[Ltru] RE: "mis" update review request

Peter Constable petercon at microsoft.com
Sat Apr 14 19:35:26 CEST 2007


It doesn't mean "it's not English"; it means, "I'm not telling you." Probably it's a safe assumption to suppose that the content isn't English, but that's an inference, not an explicit statement or a deduction.


Peter

-----Original Message-----
From: Jukka K. Korpela [mailto:jkorpela at cs.tut.fi]
Sent: Saturday, April 14, 2007 9:41 AM
To: ietf-languages at iana.org
Cc: 'LTRU Working Group'
Subject: RE: [Ltru] RE: "mis" update review request

On Sat, 14 Apr 2007, Peter Constable wrote:

> "" means 'I'm giving no information.'

Does that apply to its use in xml:lang="" too?
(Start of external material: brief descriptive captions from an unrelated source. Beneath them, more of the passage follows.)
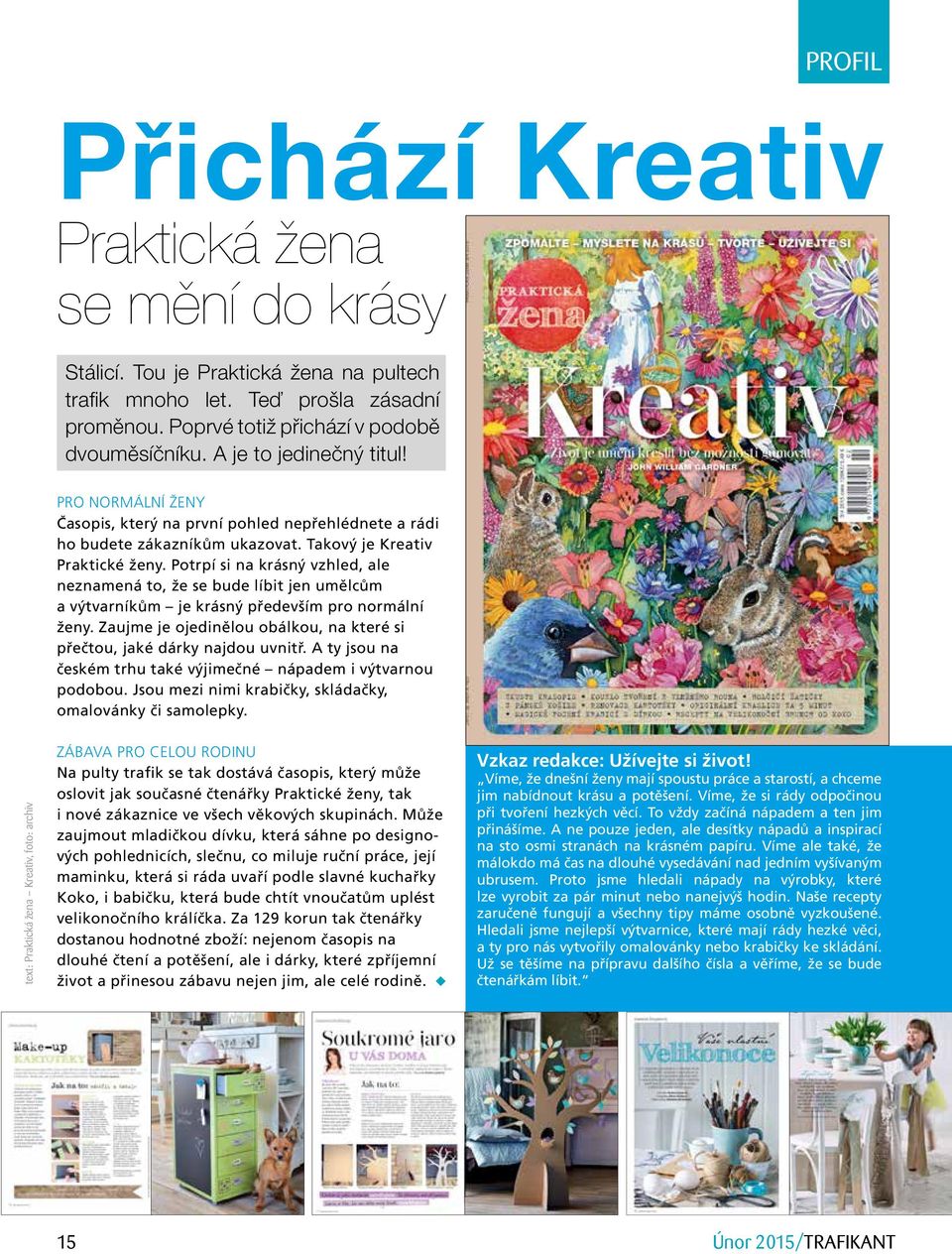Potrpí si na krásný vzhled, ale neznamená to, že se bude líbit jen umělcům a výtvarníkům je krásný především pro normální ženy.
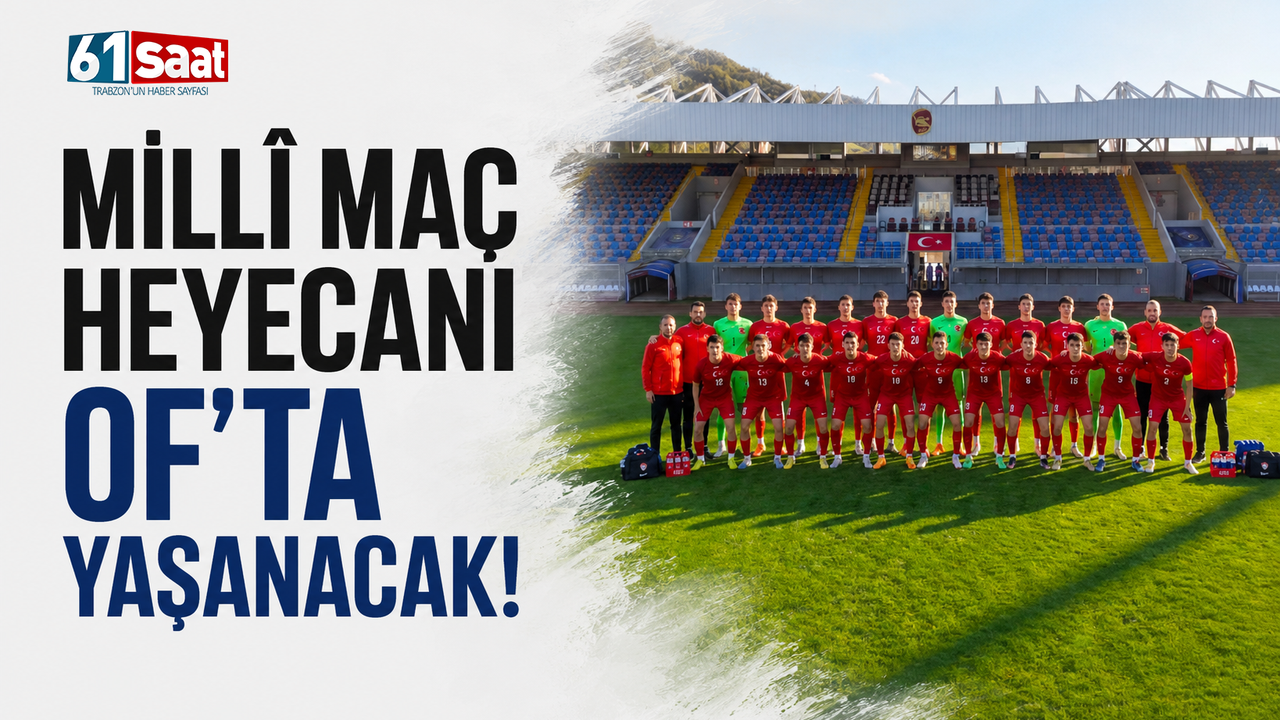 Millî maç heyecanı Of’ta yaşanacak!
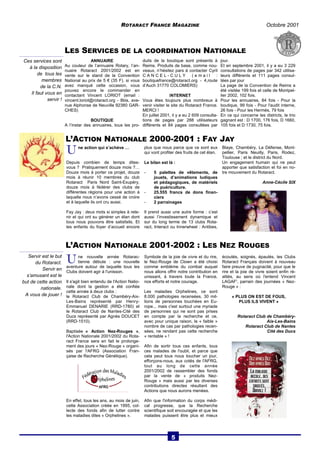 ROTARACT FRANCE MAGAZINE Octobre 2001 
L’ACTION NATIONALE 2000-2001 : FAY JAY 
U ne action qui s’achève … 
Depuis combien de temps dites-vous 
? Pratiquement douze mois ?… 
Douze mois à porter ce projet, douze 
mois à réunir 10 membres du club 
Rotaract Paris Nord Saint-Exupéry, 
douze mois à fédérer des clubs de 
différentes régions pour une action à 
laquelle nous n’avons cessé de croire 
et à laquelle ils ont cru aussi. 
Fay Jay : deux mots si simples à rete-nir 
et qui ont su générer un élan dont 
tous nous pouvons être satisfaits. Et 
les enfants du foyer d’accueil encore 
plus que nous parce que ce sont eux 
qui vont profiter des fruits de cet élan. 
Le bilan est là : 
- 5 palettes de vêtements, de 
jouets, d’animations ludiques 
et pédagogiques, de matériels 
de puériculture. 
- 25.555 francs de dons finan-ciers 
- 2 parrainages 
Il prend aussi une autre forme : c’est 
aussi l’investissement dynamique et 
sur du long terme de 13 clubs Rota-ract, 
Interact ou Innerwheel : Antibes, 
Blaye, Chambéry, La Défense, Mont-pellier, 
Paris Neuilly, Paris, Rodez, 
Toulouse ; et le district du Nord. 
Un engagement humain qui ne peut 
apporter que satisfaction et foi en no-tre 
mouvement du Rotaract. 
Anne-Cécile SIX 
ANNUAIRE 
Au couleur de l’annuaire Rotary, l’an-nuaire 
Rotaract 2001/2002 est en 
vente sur le stand de la Convention 
National au prix de 5 € (35 F). si vous 
avez manqué cette occasion, vous 
pouvez encore le commander en 
contactant Vincent LORIOT (email : 
vincent.loriot@rotaract.org - 8bis, ave-nue 
Alphonse de Neuville 92380 GAR-CHES) 
BOUTIQUE 
A l’instar des annuaires, tous les pro-duits 
de la boutique sont présents à 
Reims. Produits de base, comme nou-veaux, 
n’hésitez pars à contacter Cyril 
C A N C E L - C U L Y ( e ma i l : 
boutiquefrance@rotaract.org - 4,route 
d’Auch 31770 COLOMIERS) 
INTERNET 
Vous êtes toujours plus nombreux à 
venir visiter le site du Rotaract France. 
MERCI ! 
En juillet 2001, il y a eu 2 609 consulta-tions 
de pages par 288 utilisateurs 
différents et 84 pages consultées par 
jour. 
Et en septembre 2001, il y a eu 3 229 
consultations de pages par 342 utilisa-teurs 
différents et 111 pages consul-tées 
par jour 
La page de la Convention de Reims a 
été visitée 199 fois et celle de Montpel-lier 
2002, 102 fois. 
Pour les annuaires, 84 fois - Pour la 
boutique, 99 fois - Pour l'audit interne, 
26 fois - Pour les Hermès, 79 fois 
En ce qui concerne les districts, le trio 
gagnant est : D 1700, 176 fois, D 1660, 
105 fois et D 1730, 75 fois. 
Ces services sont 
à la disposition 
de tous les 
membres 
de la C.N. 
Il faut vous en 
servir ! 
LES SERVICES DE LA COORDINATION NATIONALE 
L’ACTION NATIONALE 2001-2002 : LES NEZ ROUGES 
U ne nouvelle année Rotarac-tienne 
débute : une nouvelle 
aventure autour de laquelle tous les 
Clubs doivent agir à l'unisson. 
Il s'agit bien entendu de l'Action Natio-nale 
dont la gestion a été confiée 
cette année à deux clubs : 
le Rotaract Club de Chambéry-Aix- 
Les-Bains représenté par Henry- 
Emmanuel DENARIE (RRD-1780) et 
le Rotaract Club de Nantes-Cité des 
Ducs représenté par Agnès DOUCET 
(RRD-1510). 
Baptisée « Action Nez-Rouges », 
l'Action Nationale 2001/2002 du Rota-ract 
France sera en fait le prolonge-ment 
des jours « Nez-Rouge » organi-sés 
par l'AFRG (Association Fran-çaise 
de Recherche Génétique). 
En effet, tous les ans, au mois de juin, 
cette Association créée en 1995, col-lecte 
des fonds afin de lutter contre 
les maladies dites « Orphelines ». 
Symbole de la joie de vivre et du rire, 
le Nez-Rouge de Clown a été choisi 
comme emblème du combat auquel 
nous allons offrir notre contribution en 
unissant, à travers toute la France, 
nos efforts et notre courage. 
Les maladies Orphelines, ce sont 
8.000 pathologies recensées, 30 mil-lions 
de personnes touchées en Eu-rope... 
mais c'est surtout une myriade 
de personnes qui ne sont pas prises 
en compte par la recherche et ce, 
avec pour unique raison, le « faible » 
nombre de cas par pathologies recen-sées, 
ne rendant pas cette recherche 
« rentable » ! 
Afin de sortir tous ces enfants, tous 
ces malades de l'oubli, et parce que 
cela peut tous nous toucher un jour, 
efforçons-nous, aux cotés de l'AFRG, 
tout au long de cette année 
2001/2002 de rassembler des fonds 
par la vente de « produits Nez- 
Rouge » mais aussi par les diverses 
contributions directes résultant des 
Actions que nous aurons menées. 
Afin que l'information du corps médi-cal 
progresse, que la Recherche 
scientifique soit encouragée et que les 
malades puissent être plus et mieux 
écoutés, soignés, épaulés, les Clubs 
Rotaract Français doivent à nouveau 
faire preuve de pugnacité, pour que le 
rire et la joie de vivre soient enfin ré-alités, 
au sens où l'entend Vincent 
LAGAF', parrain des journées « Nez- 
Rouge » : 
« PLUS ON EST DE FOUS, 
PLUS ILS VIVENT » 
Rotaract Club de Chambéry- 
Aix-Les-Bains 
Rotaract Club de Nantes 
Cité des Ducs 
Servir est le but 
du Rotaract. 
Servir en 
s’amusant est le 
but de cette action 
nationale. 
A vous de jouer ! 
5 
 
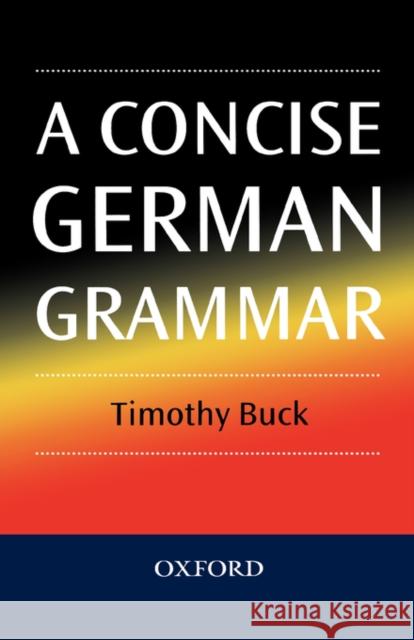 A Concise German Grammar Timothy Buck 9780198700272 OXFORD UNIVERSITY PRESS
That's different from
omitting xml:lang.

If you have an XML document with xml:lang="en" for the root element, then
any subelement is assumed to be in English by default. The attribute
xml:lang="" is the recommended way of breaking such inheritance. In
practical terms, it seems to say 'I'm not telling the language of the
content is but I'm saying it's not English'. Or should it be interpreted
as saying 'I'm giving no information except that you should not assume
that the language of the content is the same as declared for its parent'?